Segundo a agência de notícias AFP, as chamas começaram em uma área do subúrbio da cidade e se alastraram rapidamente, devido aos fortes ventos que atingem a região. Há temores de que a situação piore nas próximas horas, uma vez que a previsão do tempo estima rajadas de vento de até 160 km/h.
Milhares de pessoas foram obrigadas a evacuarem às pressas suas casas.

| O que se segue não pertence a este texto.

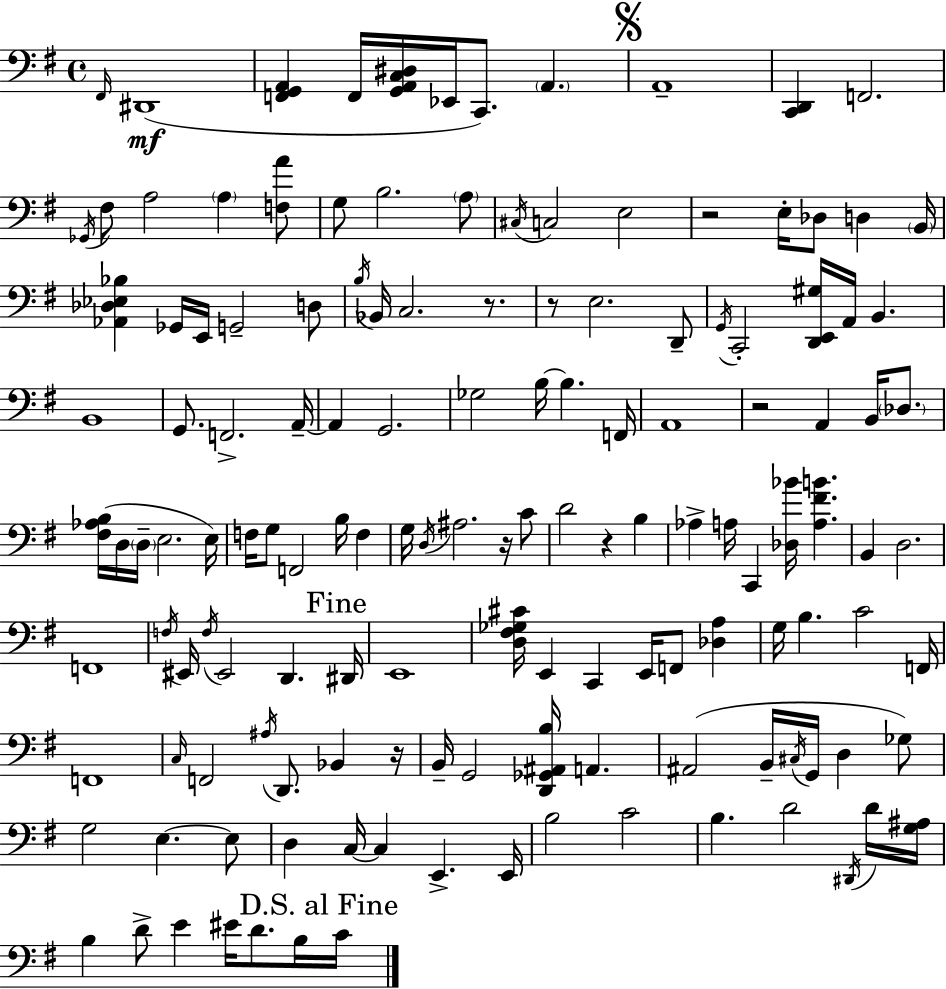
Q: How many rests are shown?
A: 7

Entre elas estão grandes nomes do cinema como Tom Hanks e Adam Sandler.
Uma sessão de “Ainda Estou aqui” para votantes do Oscar teve que ser cancelada durante à noite em função do incidente.

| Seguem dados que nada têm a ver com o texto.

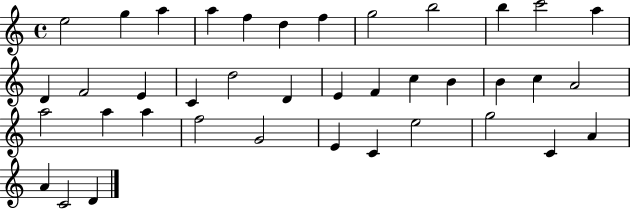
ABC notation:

O evento teria a participação da atriz Fernanda Torres e do diretor Walter Salles em uma conversa com o cineasta mexicano Guillermo Del Toro, de “A Forma da Água”.
Outras reuniões similares e eventos correlatos ao Oscar também foram cancelados.
Segundo a AFP, uma tempestade de vento teria contribuído para a propagação do fogo. Incêndios são comuns nesta área durante esta época do ano, porém não na proporção do registrado hoje.
O fogo, que se iniciou ainda na noite desta terça-feira (7), destruiu mais de 500 hectares de Pacific Palisades, uma luxuosa comunidade no sopé das montanhas de Santa Mônica.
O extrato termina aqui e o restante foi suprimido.